Hoenlein told the almost 400 people gathered at Congregation Ohr Torah that the Iranians can’t be trusted to follow the pact, under which the country would reduce its stockpile of low-enriched uranium by 98 percent and significantly scale back its number of installed centrifuges. In exchange, the P5+1 (the five permanent UN Security Council members plus Germany) would lift sanctions that have crippled the country’s economy.

Hoenlein said he reads the Iranian newspapers every day. “They’re saying they beat the Americans,” he said, adding that Iranian president Hassan Rouhani is mocking the Europeans.

He spoke at a program cosponsored by Ohr Torah and the Orthodox Forum of Edison/Highland Park. The Presidents Conference, an umbrella for 52 national Jewish agencies, represents their consensual positions in dealings with the executive branch.

Hoenlein said he has made his beliefs clear in meetings with President Barack Obama, although he would not divulge the president’s response, which he said was private. Hoenlein believes the president sees the deal as a “Nixon-China moment” and wants his presidency to be remembered for opening up relations with Havana and Tehran.

“I think [Obama] honestly believes a deal with Iran will make the Middle East safer,” said Hoenlein. “I do believe the president wants a deal and is willing to make concessions he might not otherwise make and he honestly believes he can control it.”

However, he warned that if Iran violates a deal, it could touch off an arms race in the region where “every country in the Middle East will get [nuclear] weapons.”

Hoenlein said the option of military force should never be taken off the table.

In meetings two weeks earlier in Vienna, Hoenlein said, officials from the International Atomic Energy Agency acknowledged they had neither the technology nor ability to fully monitor Iranian compliance.

‘We pray for Israel’

During the program, Hoenlein also touched on the growing threat of anti-Semitism in Europe and radical Islam there and in the Middle East.

He cited the importance of backing legislators who support Israel and issues of importance to the Jewish community.

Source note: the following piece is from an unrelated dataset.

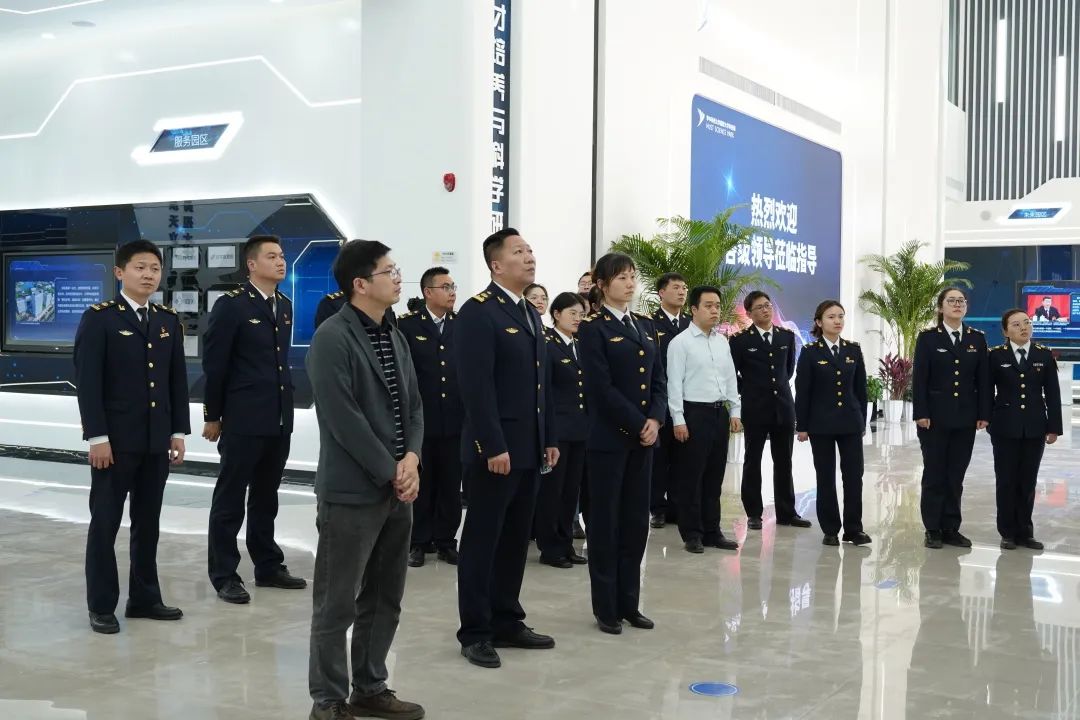 163604626.jpeg 4.jpeg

Hoenlein received the most resounding applause of his talk when he called Sen. Robert Menendez (D-NJ), who is currently under indictment on federal corruption charges, “a true hero of the Jewish people who deserves our loyalty and support through his troubles.” 

With the Arab Spring rapidly disintegrating into warfare and disillusionment, Israel’s position is even more precarious. At the same time, Hoenlein said, other Arab nations are looking to Israel as a buffer against Iranian-backed radicalism that is a threat to many governments. 

Hoenlein noted he had visited almost every Arab country in the last two years and heard their leaders say, “We pray for Israel,” although they can’t admit it publicly.

Israel, he said, is unfairly maligned by the UN and others for human rights abuses against Palestinians. In other countries, however, “thousands of Christians are being killed and massacred and there’s been no reaction, no outcry,” he said.

The good news is that Israel is thriving, with a growing population, a robust economy, and legions of tourists, including numerous visitors from China and Japan. 

Hoenlein said successful pro-Israel campaigns, including outreach efforts to Hollywood stars and Hispanics, have rallied supporters to its defense.

Hoenlein said it is vital that the American-Jewish community not let Israel become a polarizing issue, and educate young people to stand up to anti-Israel sentiment on campus.